Another consideration is that the court entertained the motion, and the ruling thereon implies a consideration of its merits. If it was not filed in time, it should have been dismissed, but the court denied the motion, and the denial implies a consideration. This inference is sufficient at least to overcome the presumption that the motion was overruled because it was not filed in time.

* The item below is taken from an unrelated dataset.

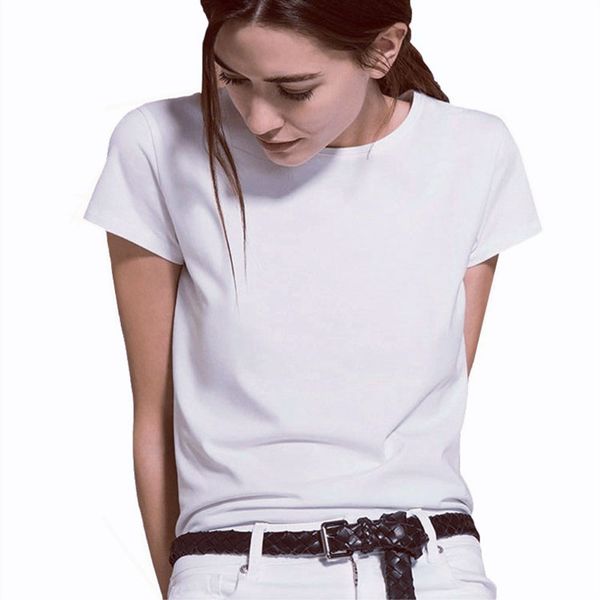 18 color s-3xl plain t shirt women cotton elastic basic t-shirts female casual short sleeve t-shirt women 2020, White 
18 color s-3xl plain t shirt women cotton elastic basic t-shirts female casual short sleeve t-shirt women 2020, White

The action of the trial court in setting aside the general verdict, and in ignoring or setting aside special finding number 23i, which is to the effect that the defendants did not at the time of demand or at any time thereafter have the possession or control of *750the goods demanded, cannot be sustained. That finding appears to be inconsistent with finding eighteen, and possibly other of the findings which the court deemed to be inconsistent with the general verdict; but while this inconsistency may have afforded grounds for setting aside the general verdict and granting a new trial, it did not warrant the court in overthrowing the general verdict and then rendering judgment on such inconsistent special findings. Finding 23i, which was ignored or set aside by the court, appears harmonious with the general verdict which the jury returned, but the court set aside the general verdict of the jury and substituted its own judgment based on contradictory findings. If the special findings were'contradictory, and some of them in conflict with the general verdict, neither party is entitled to judgment, but it is the duty of the trial court to grant a new trial. Shoemaker v. Railroad Co., 30 Kan. 359, 2 Pac. 517; E. M. N. & S. E. Rly. Co. v. Maxwell, 39 id. 651, 18 Pac. 819; Latshaw v. Moore, 53 id. 234, 36 Pac. 342. It cannot be successfully contended that the special finding was immaterial.

It appears that Wolfe & Son were merchants in Guthrie and Oklahoma City. They borrowed money from the banks and others, and subsequently, to secure these debts, which were admittedly just and honest, they executed a mortgage, and the mortgagees were given possession of the goods. Miller & Co. who had sold the goods to Wolfe & Son, did not demand the goods until attachments and other proceedings had been begun against Wolfe & Son, and in pursuance of writs which they held the officers had entered the stores and seized their goods. Notwithstanding the seizure, the mortgagees insisted upon the validity of their mortgage and were in the store at Guthrie a part of the time with the officers. Their agents how*751ever were finally ejected from the building, and the goods were sold under the levies which had been made by the officers. Miller & Co. brought their action against the banks, and other defendants, alleging the transfer of the possession of the goods to the defendants, the demand for the possession, and the refusal of the demand, and also the conversion.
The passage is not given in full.